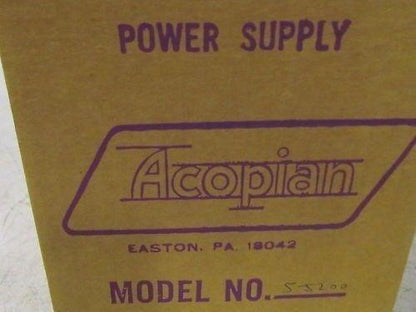 Acopian 5J200 Regulated Power Supply NIB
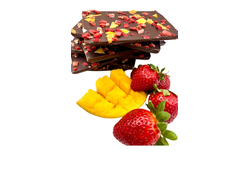 Молочный шоколад манго-клубника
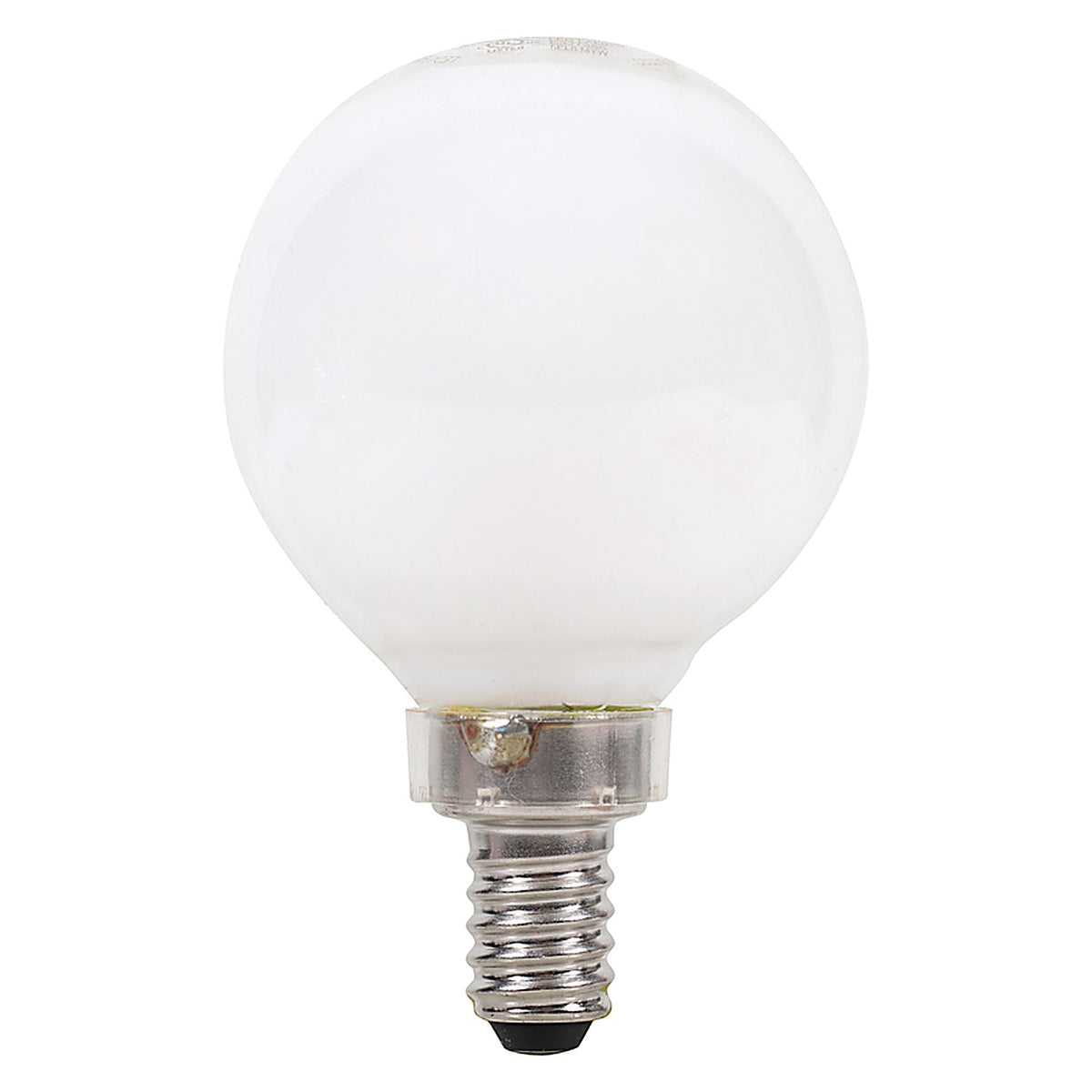 Sylvania 40797 Natural G16.5 E12 (Candelabra) LED Bulb Soft White 40 W 2 pk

→ WHAT NEEDS TO BE DONE:
Images stay out, but the rest of the data above must be repeated exactly.

→ SOLUTION TO THE EXERCISE:
 Acopian 5J200 Regulated Power Supply NIB
 Молочный шоколад манго-клубника
 Sylvania 40797 Natural G16.5 E12 (Candelabra) LED Bulb Soft White 40 W 2 pk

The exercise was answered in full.